As You Like It
nytheatre.com review by Fred Backus
January 21, 2006
The first thing that one is introduced to in the Gallery Players’ production of As You Like It is Ann Bartek’s simple and elegant set. A series of grey platforms arranged at various heights are joined to the ceiling by thin white ropes pulled taut. This stylish design ingeniously suggests the Forest of Arden where most of the play will take place—the rope trees giving depth without obstructing view—and it also gives the set the feel of a giant stringed instrument that fits nicely with the production’s emphasis on music. For me it also symbolized the main problem I had with the production. This version of As You Like It, like the trees of its forest, seems like an exercise in form with not enough life attached to it.
And As You Like It, if anything, is about life. Shakespeare’s comedy follows the loves-sick youths Orlando and Rosalind who, banished by members of their respective families, abandon the corruption of courtly life and reconnect in the idyllic Forest of Arden. Here they find Rosalind’s father—the also banished Duke Senior—who has created a happy court of exiles in the woods. Rosalind, in disguise as the youth Ganymede, agrees to help Orlando woo his Rosalind, and also takes on the role of matchmaker between three other couples frolicking in Arden: the rustics Silvius and Phoebe, her cousin Celia and Orlando’s rehabilitated brother Oliver, and the clever court fool Touchstone with the simple Audrey.
Unfortunately, I found it hard to be swept away by this production. Director Neal Freeman has created a clean and efficient show that is nicely paced and skillfully staged, but it is also colored so safely within the lines that there is little to get excited about. While the cast delivers the language with clarity and commands the stage with a strong physical presence, this version of As You Like It is almost completely devoid of interesting character or thematic choices. Many of the performances—particularly the lovers—seem like they could easily be interchangeable, and what explorations the director is trying to make with this piece is hard to ascertain.
What Freeman does achieve is a theatrical construction of great aesthetic precision. David B. Thompson’s costumes, like Bartek’s set, is clear and coherent, with the drab grey uniforms of the court replaced by the multi-colored patterned vests sported by the residents of Arden.
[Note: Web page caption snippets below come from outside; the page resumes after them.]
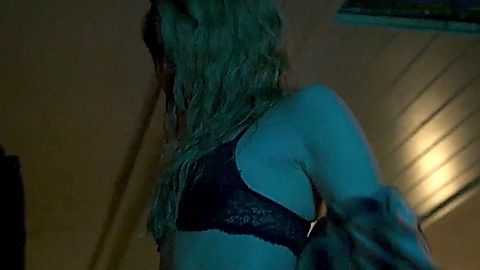 Pic: Amber Jean Rowan in Guilt (2016)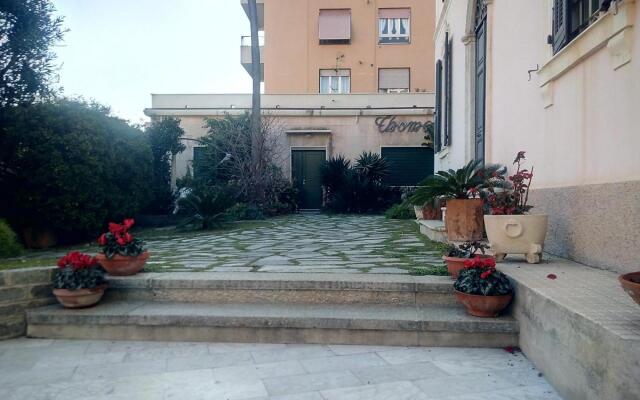 Villa Thomas - Luxury and New Apartment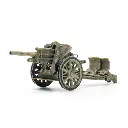 LeFH 18 Tarnung - ARTITEC 6870629 - HO 1/87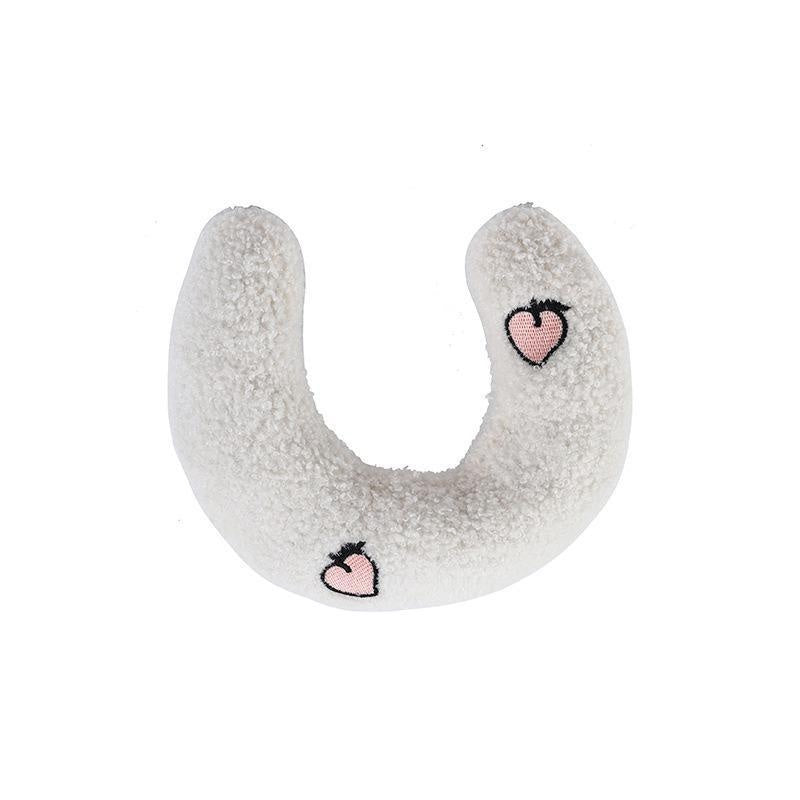 BowLift | PETEASE Luxury – Orthopedic Dog Pillow with Anti-Stress Comfort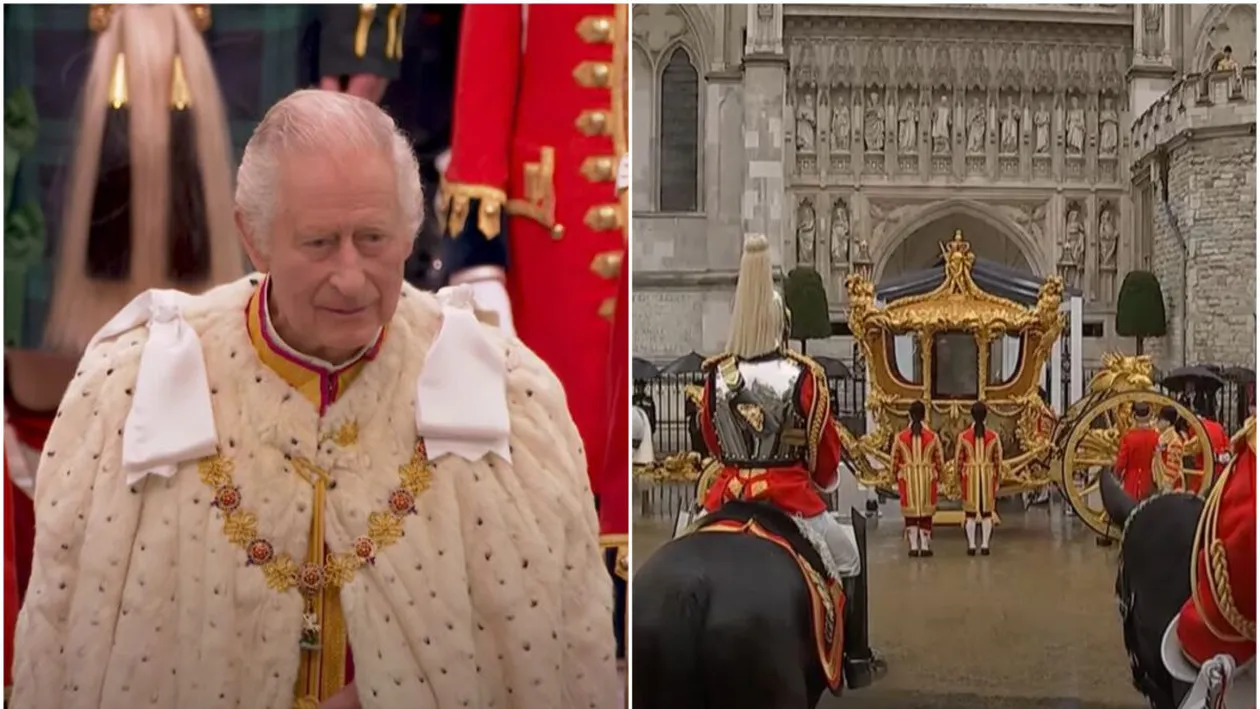 Regele Charles al III-lea va vizita România. Ce a transmis Principele Nicolae, după ceremonia de Încoronare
Freeman has sprinkled his production with live musical numbers, written by composer Alden Phelps and performed by Angela Hamilton on guitar and Heather Rogers on flute, that both provide melodies for the songs and serve as interludes between the actions. Freeman himself possesses a keen eye for tableau, and has meticulously choreographed the movement of the actors into a series of well-balanced and visually-pleasing pictures for the stage.
But while I admire the skill and the professional execution of this offering, this incarnation of As You Like It seems to present Shakespeare’s prose rather than inhabit it. At best I found this production blandly competent, more like a display copy of a play than an actual working model.